Most terrestrial plants distributed worldwide establish at least one of seven types of mutualistic symbiotic mycorrhizal associations in their roots (Brundrett, 1991; Smith and Read, 1997). The most widespread of these is an endomycorrhizal symbiosis between soil-borne fungi [the mycobiont] presently classified in the phylum Zygomycota, order Glomales (Morton and Benny, 1990) and approximately 80% of terrestrial plant species [the phytobiont] (Trappe, 1987). This symbiosis has been demonstrated to be mutualistic in measurable ways. The most obvious benefit to the mycobiont is a ready supply of carbon within a relatively secure niche in root cortical cells. Jakobsen and Rosendahl (1990) indicate the mycobiont can capture as much as 20% of the fixed carbon in the phytobiont, mostly by converting glucose to trehalose (Shachar-Hill et al., 1995). The symbiosis is termed "arbuscular" in this chapter because the mycobiont produces specialized arbuscules in root cortical cells that are involved in bidirectional exchange of carbon, phosphorus, and other physiologically important molecules. These arbuscules are considered the key structural evolutionary innovation because they are a conserved feature in all lineages of Glomales (Morton, 1990a). The phytobiont depends to varying degrees on the mycobiont for hyphal uptake and translocation of essential cations in soil which otherwise might not be available from root uptake alone (reviewed in Smith and Read, 1997). The magnitude of dependency often is measured in terms of plant growth responses, which usually are inversely related to plant nutrient (mostly phosphorus) content.

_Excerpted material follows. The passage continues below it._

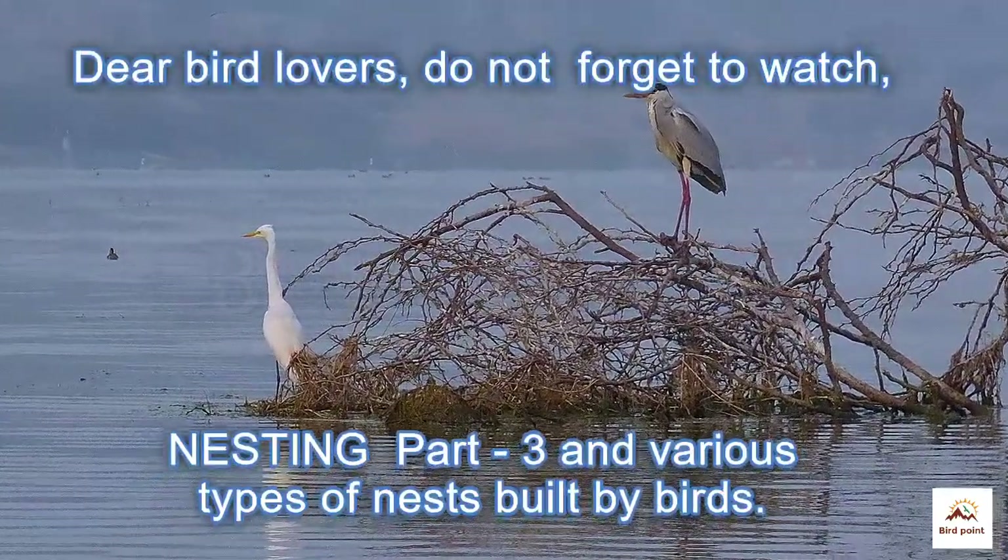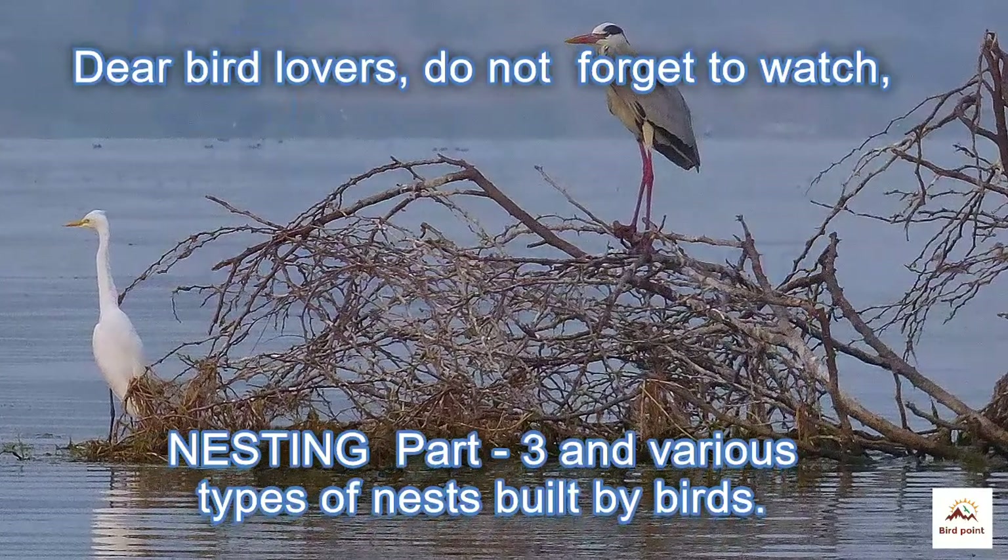Dear viewers, do not forget to watch our nesting part 3 about the various types of nests built by birds.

The arbuscular (AM) symbiosis has received considerable attention by botanists, ecologists, and agriculturalists in recent years because of dramatic responses to plant growth, vigor, and reproductive potential under largely controlled (and therefore somewhat artificial) conditions (Safir, 1987; Smith and Read, 1997). Similar responses in natural settings tend to be more inconsistent or absent, suggesting that growth benefit is only one factor that contributes to the long-term stability of the AM symbiosis. A multitude of other interactions also must be taking place which result in a positive outcome for both symbionts at the scale of the community and above. Clues as to the nature of these interactions come from measurement of present-day processes, but they rarely are interpreted in an evolutionary context. Genealogical properties of both the mycobiont and phytobiont lineages also play an important role, with causal mechanisms varying with different combinations of host and fungal genotypes operating in specific environments. These historical processes undoubtedly are significant, and so the purpose of this chapter is to elaborate on current hypotheses concerning evolution of the arbuscular mycorrhizal endosymbiosis and link historical patterns and processes to those occurring at the present time.